Se infatti i tre cerchi di colori diversi sono dotati ciascuno di qualità distinte (dimensioni, capacità o altro) non siamo più di fronte al sublime mistero della Trinità di Dio, ma alla banalità di “tre dei”. E, con l’unica eccezione di un celebre (ma non molto riconosciuto) commentatore del primo Novecento, siamo di fronte alla superficialità di chi, credente o meno, non ricorda che Dante la teologia la sapeva quanto Tommaso e non avrebbe accettato pressapochismi come questi, a questo livello. Qual è allora l’interpretazione del passo dantesco?

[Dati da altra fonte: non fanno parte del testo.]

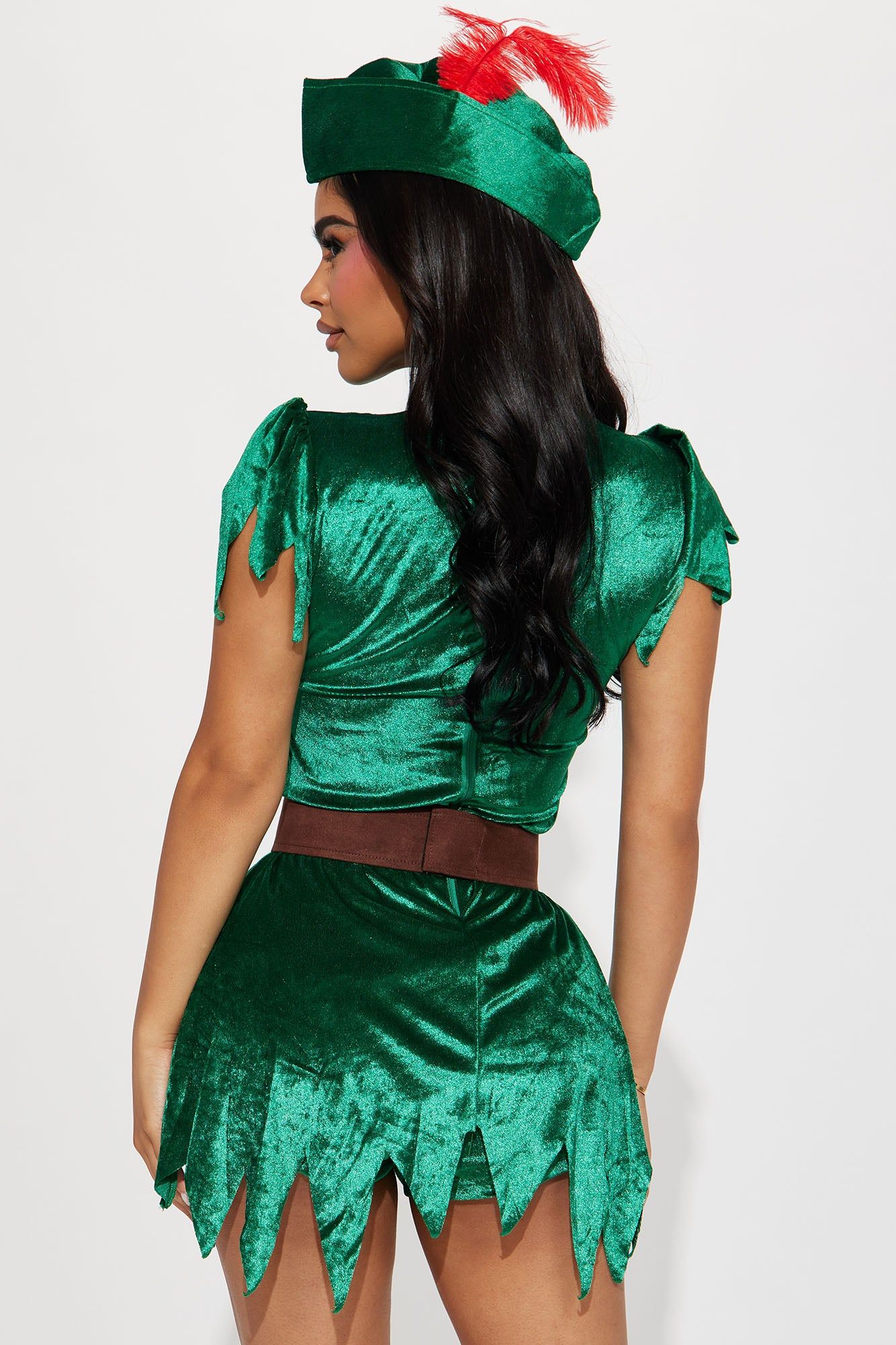 Dreamy Land Babe 4 Piece Costume Set - Green sold by Fashion Nova product image thumbnail 5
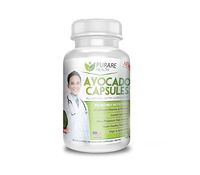 Purare Health Avocado Capsules 100% All Natural Dietary Supplement - The Amazing Food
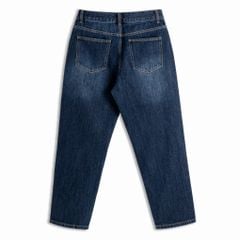 Quần Jeans Dài By Cotton - Carrot Fit SS1 Indigo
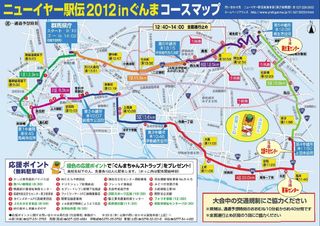ﾆｭｰｲﾔｰ駅伝2012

Occorre dire che il Poeta, a questa altezza del suo poema, raggiunge dei vertici di fantasia che qualcuno, erroneamente, ha creduto di poter collocare all’altezza dei canti degli angeli, ma che qui diventano indispensabili. La verità teologica da rendere è che in una unica Natura sussistono tre Persone divine. Dante cerca di suggerire una tale verità, immaginando tre cerchi di tre colori diversi che “insistono sulla stessa identica superficie”. Cosa che sarebbe ora facile rendere con le attuali tecniche della fotografia e del colore, ma che per Dante dovette costituire veramente uno dei suoi più alti colpi di genio. Si pensi che persino il Catechismo della Chiesa Cattolica da Pio X in poi parla di “ tre Persone uguali e distinte” riferendosi al mistero di cui stiamo parlando. Ma “uguali” in che modo? in che misura? Più corretta la Dottrina precisa: “tre Persone distinte e una unica sostanza”. Ed è esattamente quello che il Poeta ha suggerito con l’immagine dell’unico identico spazio e dei tre diversi colori contemporaneamente presenti.